No entanto, a precarização do trabalho representa apenas a antessala da distopia para onde a humanidade caminha. Se o capitalismo continuar em seu atual rumo, o trabalho será não apenas precarizado como será em maior parte realizado por máquinas, que tornarão o próprio ser humano uma peça sem utilidade na engrenagem do sistema.
O historiador Yuval Noah Harari, autor do best-seller Sapiens: uma breve história da humanidade, afirma que uma nova classe de pessoas deverá surgir até 2050: a dos inúteis, indivíduos que não serão apenas desempregados, mas que não serão nem sequer empregáveis. À medida que a inteligência artificial supera os humanos em tarefas criativas ou mecânicas, haverá uma redução da necessidade de mão de obra humana no trabalho.
Segundo Harari, será necessário, portanto, a criação de um sistema de renda básica universal que provenha o básico para as pessoas e o grande desafio será como manter todos esses indivíduos satisfeitos e ocupados com atividades dotadas de propósito, pois, caso contrário, poderão todos enlouquecer.
Estudos recentes, como “O Futuro do Emprego no Brasil: Estimando o Impacto da Automação”, do Laboratório do Futuro da Universidade Federal do Rio de Janeiro (UFRJ), mostram que a automação afetará fortemente o futuro do emprego no Brasil nas próximas décadas, dado que 60% dos trabalhadores se encontram em ocupações que devem ser drasticamente impactadas por tal processo.

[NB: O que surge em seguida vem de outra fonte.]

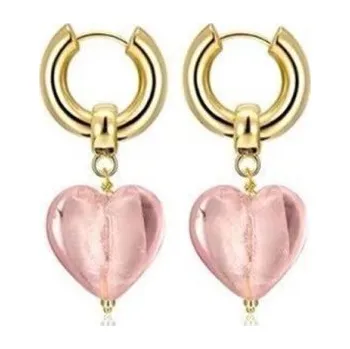 Náušnice Dámské kruhové náušnice se srdcem G677 růžová
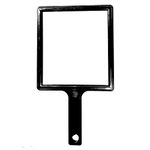 Scarlet Line Professional Square One Sided Large Hand Mirror, Vanity Mirror for Makeup, Salon Barber Hairdressing Big Mirror with Plastic Handle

Além disso, a pesquisa alerta que a maior parte dos empregos criados no país entre 2003 e 2016 foi em ocupações que se encontram justamente nas faixas de maior probabilidade de automação.
O destino em que chegaremos é fruto das escolhas que fazemos ao longo do caminho enquanto sociedade. Se por um lado a discussão em torno do fim da precarização do trabalho encontra-se em disputa mesmo sem o apoio decisivo do atual governo, por outro não há um plano sequer por parte de nenhum partido, sindicato, movimento ou instituição pública ou privada do país que preveja o que deverá ser feito com as pessoas caso a IA acabe tornando-as obsoletas. Esta é uma pauta, entretanto, que cobrará um preço caro demais para a democracia brasileira caso siga sendo ignorada.